A 35-year-old man was arrested last week in Spain in connection with the massive distributed denial-of-service (DDoS) attack on Spamhaus in March.
The suspect was identified by authorities only as a Dutchman with the initials “SK,” though he has been identified in reports as Sven Olaf Kamphuis, who has been tied to Web hosting company Cyberbunker that critics say does business with spammers and other cyber-criminals.
The arrest could be a significant break in the Spamhaus incident that some have called the biggest DDoS attack on record. The attack was initially directed at the infrastructure of Spamhaus, a non-profit organization dedicated to fighting spam.
Over the course of two weeks in March, the attacks escalated from targeting just Spamhaus’ Websites, mail servers and name servers, to targeting Spamhaus’ supporting networks and services—including various Internet exchanges. Leveraging open DNS resolvers, the attack was able to get control of massive amounts of traffic. At its height, the attack is said by some to have peaked at an estimated 300G bps.
“The attacks against Spamhaus used what techies call ‘DNS amplification’,” blogged Paul Ducklin, Sophos’ head of technology for Asia-Pacific. “This relied on your home firewall, or your router at work, being wrongly configured. The attackers could then exchange tiny packets of data with you, asking you to get DNS information from Spamhaus; you’d then convert that into a much larger exchange of data packets with Spamhaus itself,” Ducklin wrote.
“By dispersing a few hundred bytes each to a few hundred misconfigured routers, the attackers could produce tens of megabytes of network traffic focused back onto [Spamhaus’] servers,” he added.
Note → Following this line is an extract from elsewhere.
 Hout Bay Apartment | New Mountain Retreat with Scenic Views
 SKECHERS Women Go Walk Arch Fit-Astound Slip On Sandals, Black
According to Arbor Networks, which specializes in DDoS protection, the average size of DDoS attacks continues to grow every year. For example, the average attack size in 2012 was 1.48G bps, up more than 20 percent from 2011. In the first quarter of 2013, the average attack size jumped to 1.77G bps.
“Although volumetric DDoS attacks have grown in size over the past few years, the Spamhaus attack was definitely an outlier; however, attacks above 10 and even 20Gb/sec now occur multiple times per day somewhere in the world,” blogged Darren Anstee, lead solution architect at Arbor Networks, April 22. “Every day hundreds, or even thousands, of attacks take place utilizing different attack vectors, having different levels of complexity and different motivations and resources behind them. For enterprise network operators, it is important to have a broad view of what is going on out there,” Anstee wrote.
In the case of the Spamhaus attack, the suspect’s house was searched at the request of the national prosecutor in Barcelona and computers, mobile phones and other equipment were seized. The investigation was conducted in the Netherlands by the High Tech Crime Team.
According to authorities, there is no evidence the attack on Spamhaus is related to attacks on iDeal or DigiD that happened after the incident targeting Spamhaus. Nor is there any apparent connection to a series of attacks known as Operation Ababil, which has struck financial institutions as varied as American Express, Citibank and Bank of America in waves during the past several months.